(AVAILABLE RECORDS begins)
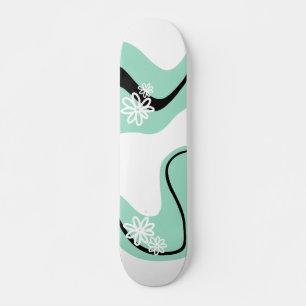 Skateboard Daisy Groove en vert, noir et blanc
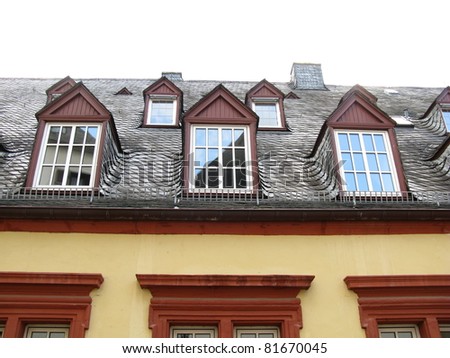 A roof with clay-schists and dormer windows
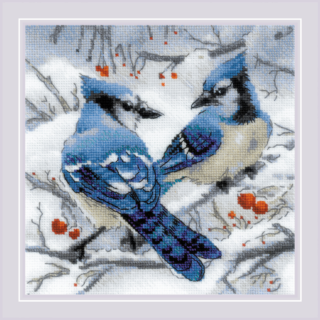 A winter-themed cross-stitch of two blue jays perched on snowy branches with red berries and soft gray shadows in the background.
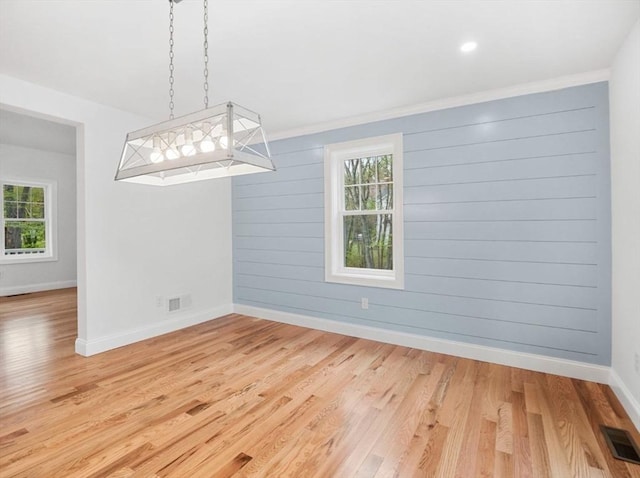 316 Old Westport Rd, Dartmouth, MA 02747 - unfurnished dining area featuring plenty of natural light, baseboards, light wood-style flooring, and crown molding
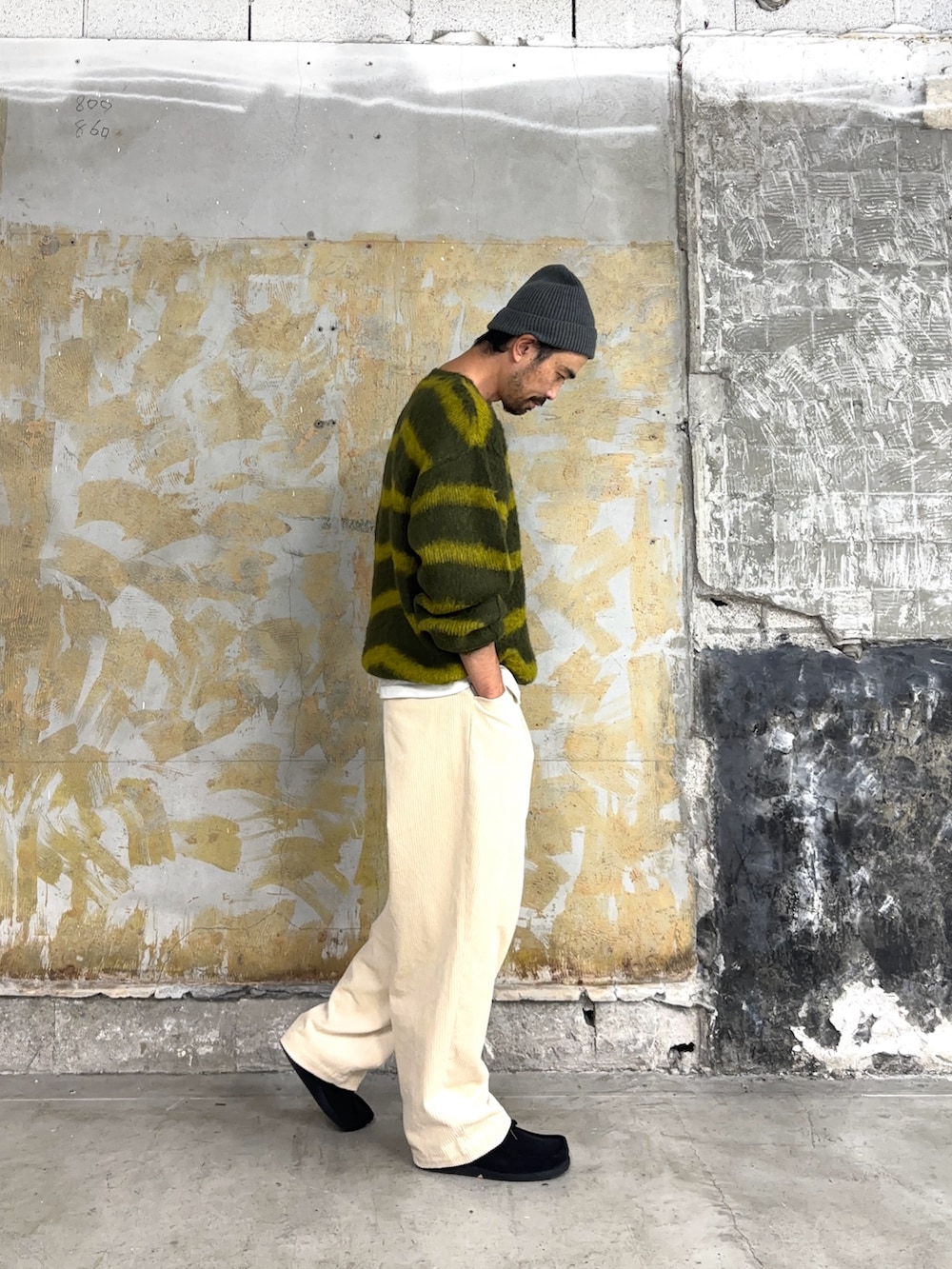 グリーン系のニット/セーター、グレー系のニットキャップ/ビーニーを着用したメンズの秋コーディネートの3枚目の写真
(AVAILABLE RECORDS ends)
AIM OF THE EXERCISE »
Copy the records exactly. Skip any pictures.

ANSWER TO THIS EXERCISE »
 Skateboard Daisy Groove en vert, noir et blanc
 A roof with clay-schists and dormer windows
 A winter-themed cross-stitch of two blue jays perched on snowy branches with red berries and soft gray shadows in the background.
 316 Old Westport Rd, Dartmouth, MA 02747 - unfurnished dining area featuring plenty of natural light, baseboards, light wood-style flooring, and crown molding
 グリーン系のニット/セーター、グレー系のニットキャップ/ビーニーを着用したメンズの秋コーディネートの3枚目の写真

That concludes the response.